[Record extracts Boundary: Start]
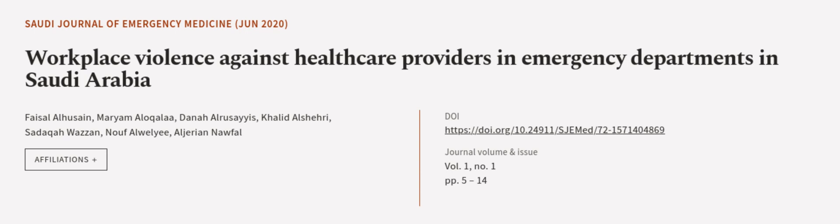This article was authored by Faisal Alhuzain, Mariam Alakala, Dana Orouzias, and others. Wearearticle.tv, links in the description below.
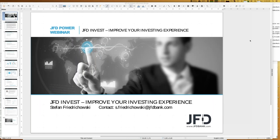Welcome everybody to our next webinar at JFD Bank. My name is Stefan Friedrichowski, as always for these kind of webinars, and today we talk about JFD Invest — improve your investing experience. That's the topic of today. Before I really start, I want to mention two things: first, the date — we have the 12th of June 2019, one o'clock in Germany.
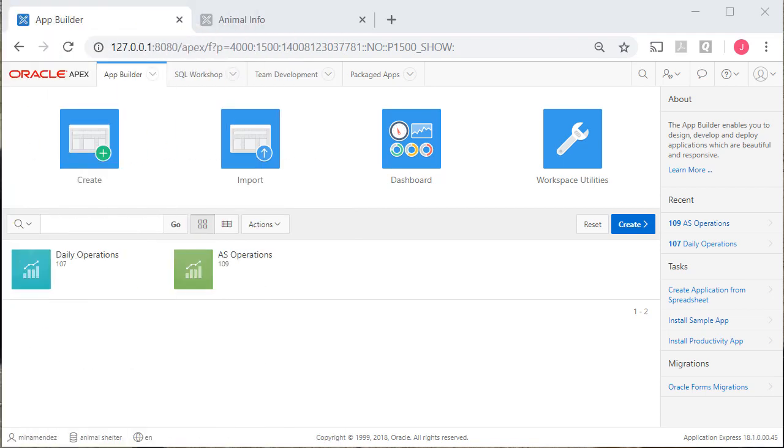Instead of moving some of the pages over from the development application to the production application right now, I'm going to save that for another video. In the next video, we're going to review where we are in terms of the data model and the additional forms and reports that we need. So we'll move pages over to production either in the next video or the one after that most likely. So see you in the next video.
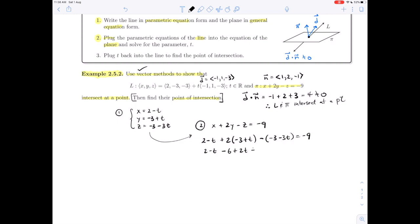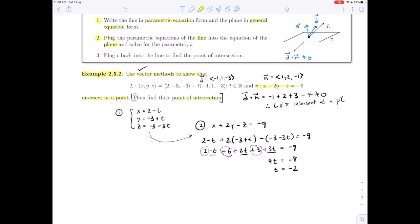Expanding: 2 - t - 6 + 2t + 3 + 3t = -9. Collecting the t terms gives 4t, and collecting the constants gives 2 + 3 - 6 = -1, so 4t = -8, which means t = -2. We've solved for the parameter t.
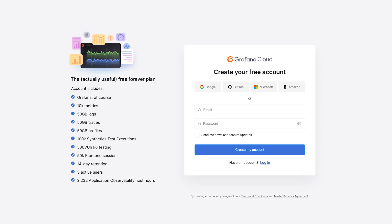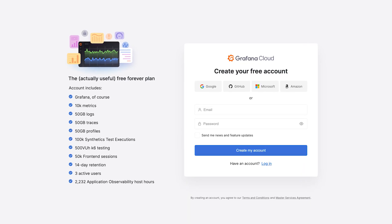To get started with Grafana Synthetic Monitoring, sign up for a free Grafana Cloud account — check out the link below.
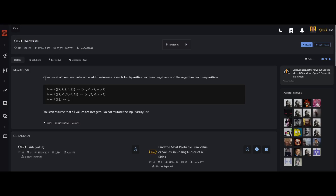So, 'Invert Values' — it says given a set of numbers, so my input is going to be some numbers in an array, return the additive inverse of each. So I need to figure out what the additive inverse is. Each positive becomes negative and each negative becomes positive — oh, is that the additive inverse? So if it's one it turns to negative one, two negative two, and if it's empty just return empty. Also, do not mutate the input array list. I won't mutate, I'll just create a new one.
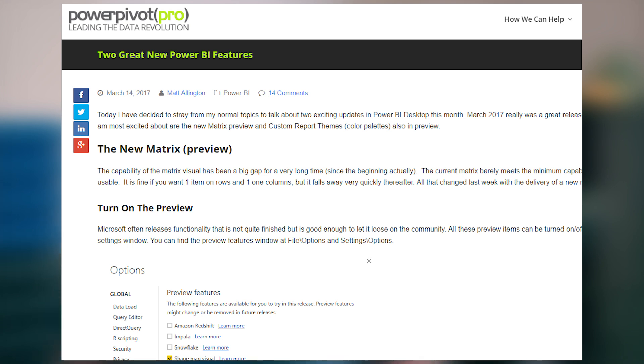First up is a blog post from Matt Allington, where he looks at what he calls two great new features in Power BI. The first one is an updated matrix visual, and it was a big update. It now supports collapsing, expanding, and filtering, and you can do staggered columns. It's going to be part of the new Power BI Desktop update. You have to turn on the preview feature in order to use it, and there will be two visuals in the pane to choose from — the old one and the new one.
[Record extracts Boundary: End]
[Record extracts Boundary: Start]
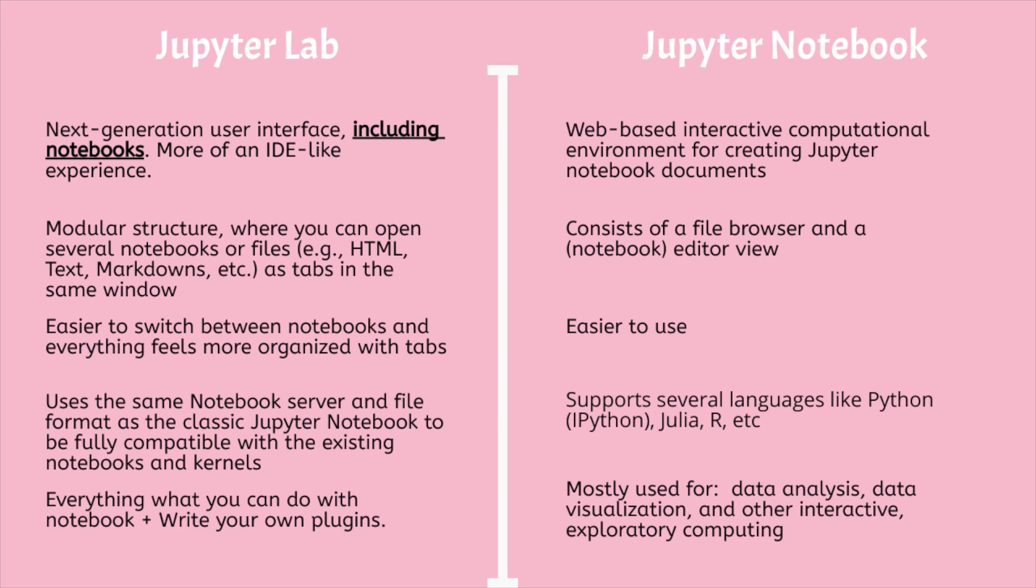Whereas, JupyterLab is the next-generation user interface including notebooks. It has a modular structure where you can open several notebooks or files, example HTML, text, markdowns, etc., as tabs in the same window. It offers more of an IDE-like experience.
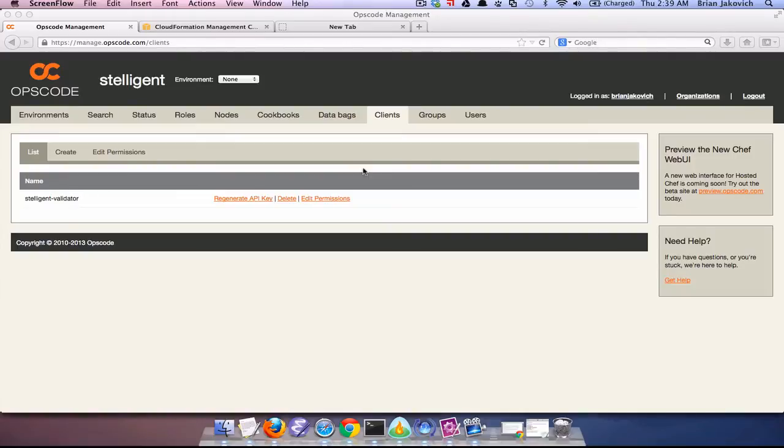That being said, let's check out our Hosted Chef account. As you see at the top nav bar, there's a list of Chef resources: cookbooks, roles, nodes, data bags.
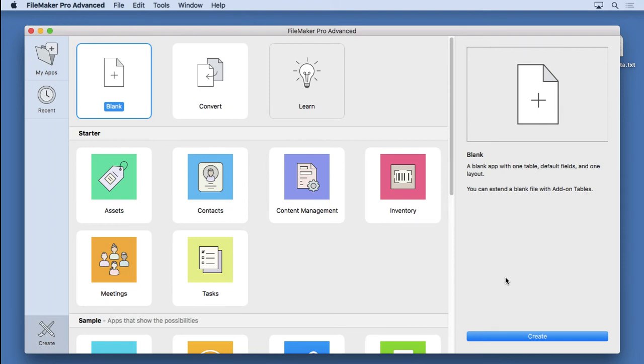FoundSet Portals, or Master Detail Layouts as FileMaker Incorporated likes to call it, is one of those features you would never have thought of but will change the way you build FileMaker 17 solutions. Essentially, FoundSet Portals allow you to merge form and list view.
[Record extracts Boundary: End]
Requirement:
Above are the records; please give again, exactly and in full, only the lines that run from the line with "That being said, let's" through the line with "FoundSet Portals, or", with no pictures.

Answer section:
That being said, let's check out our Hosted Chef account. As you see at the top nav bar, there's a list of Chef resources: cookbooks, roles, nodes, data bags.
FoundSet Portals, or Master Detail Layouts as FileMaker Incorporated likes to call it, is one of those features you would never have thought of but will change the way you build FileMaker 17 solutions. Essentially, FoundSet Portals allow you to merge form and list view.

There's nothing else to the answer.